# GIVEN INFORMATION

┌──

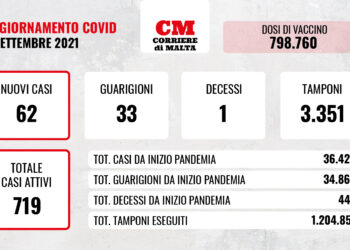 COVID-19: il virus torna ad uccidere, morta una donna di 64 anni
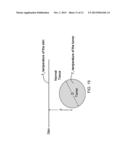 PHOTOTHERMAL NANOSTRUCTURES IN TUMOR THERAPY diagram and image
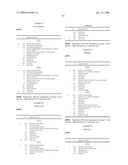 METHOD FOR COUPLING KERATIN-BINDING POLYPEPTIDES WITH EFFECTOR MOLECULES WHICH SUPPORT CARBOXYLIC GROUPS OR SULFONIC ACID GROUPS diagram and image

└──

# TASK TO COMPLETE
The output should hold only the lines from the one containing "PHOTOTHERMAL NANOSTRUCTURES IN" through the last line of the listing, reproduced exactly, pictures omitted.

# ANSWER BOX
 PHOTOTHERMAL NANOSTRUCTURES IN TUMOR THERAPY diagram and image
 METHOD FOR COUPLING KERATIN-BINDING POLYPEPTIDES WITH EFFECTOR MOLECULES WHICH SUPPORT CARBOXYLIC GROUPS OR SULFONIC ACID GROUPS diagram and image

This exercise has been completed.